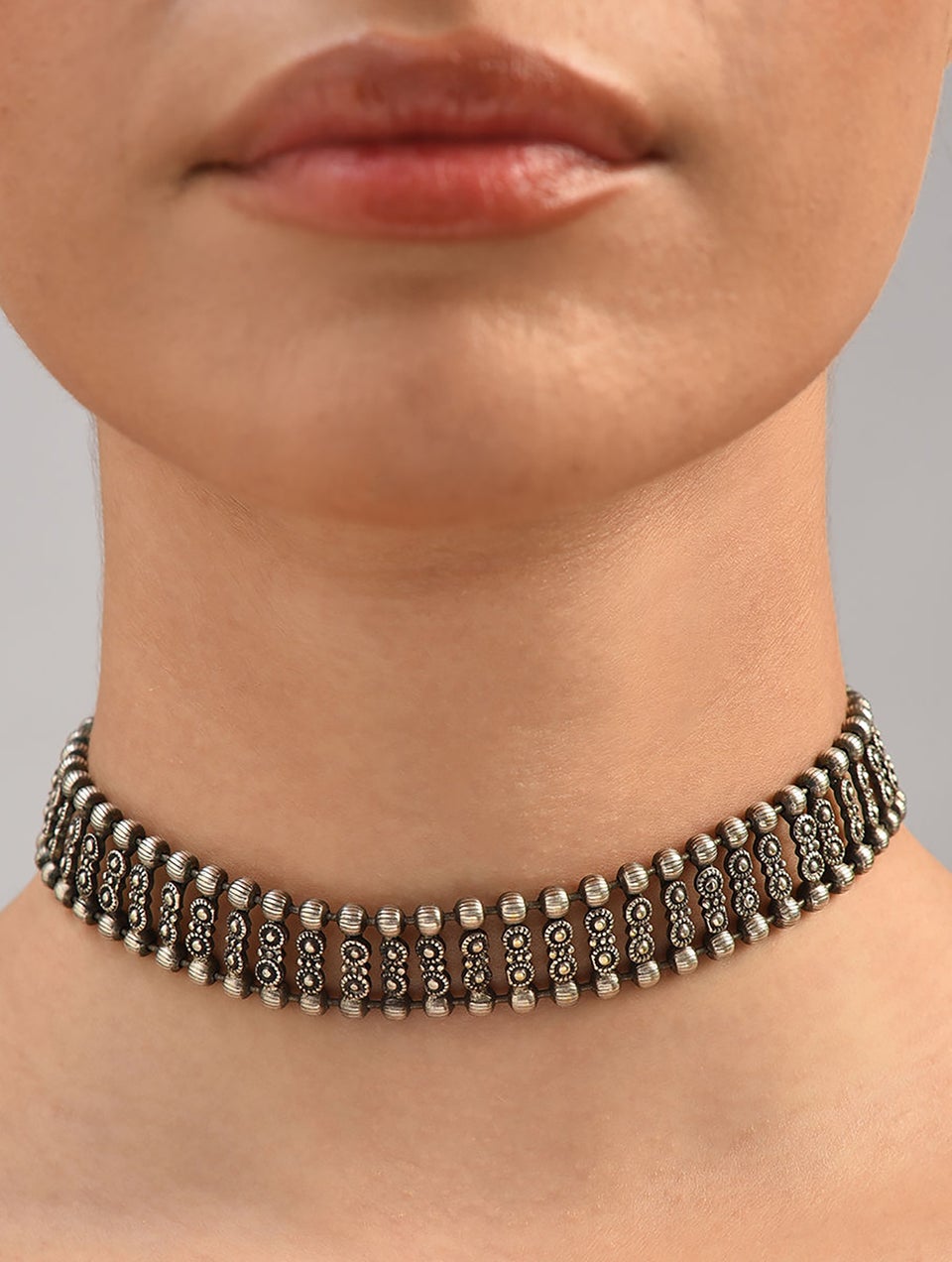 Women Silver Tone Choker Necklace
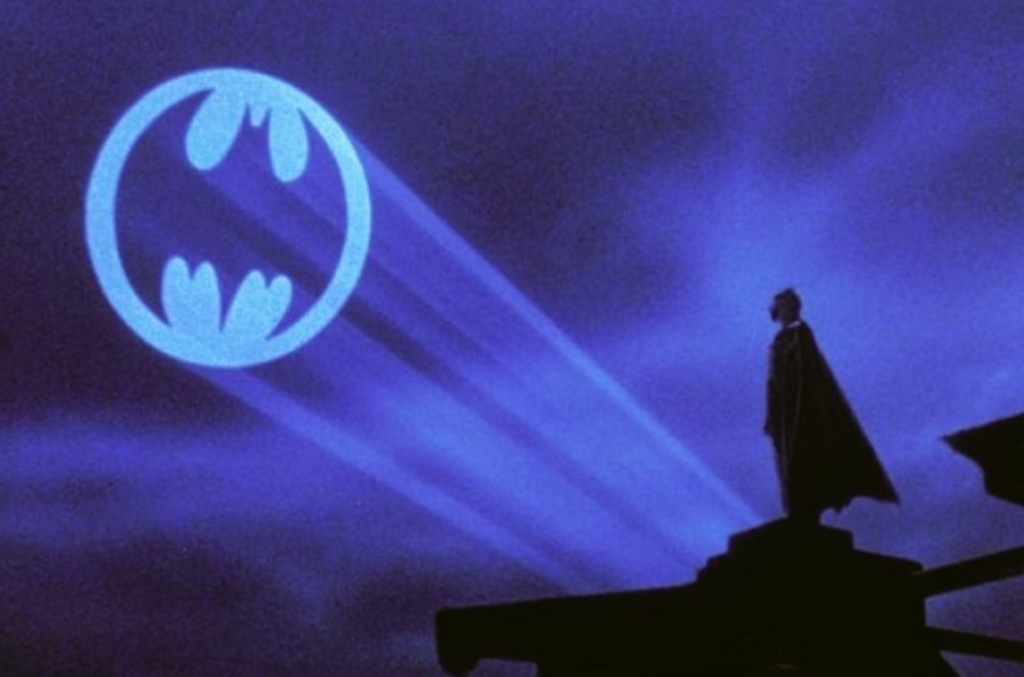 Imagen Batiseñal llega a CDMX en aniversario de Batman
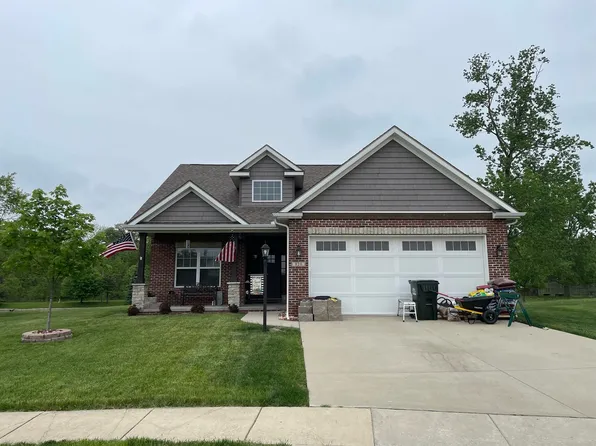 820 Woodspring Dr, Mahomet, IL 61853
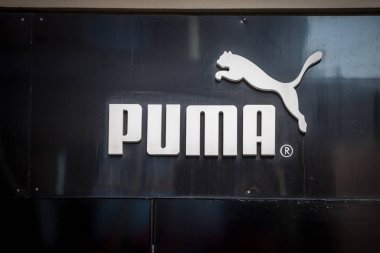 Brno, Çek Cumhuriyeti - 4 Kasım 2019: Brno 'daki ana mağazalarında Puma logosu. Puma, Alman spor kıyafetleri, spor giyim ve ayakkabı markası ve spor aksesuarlarıyla ünlüdür.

■ **Problem requirements**
Restate every line of the listing exactly. Pictures are not part of the copy.

■ **Exercise output**
 Women Silver Tone Choker Necklace
 Imagen Batiseñal llega a CDMX en aniversario de Batman
 820 Woodspring Dr, Mahomet, IL 61853
 Brno, Çek Cumhuriyeti - 4 Kasım 2019: Brno 'daki ana mağazalarında Puma logosu. Puma, Alman spor kıyafetleri, spor giyim ve ayakkabı markası ve spor aksesuarlarıyla ünlüdür.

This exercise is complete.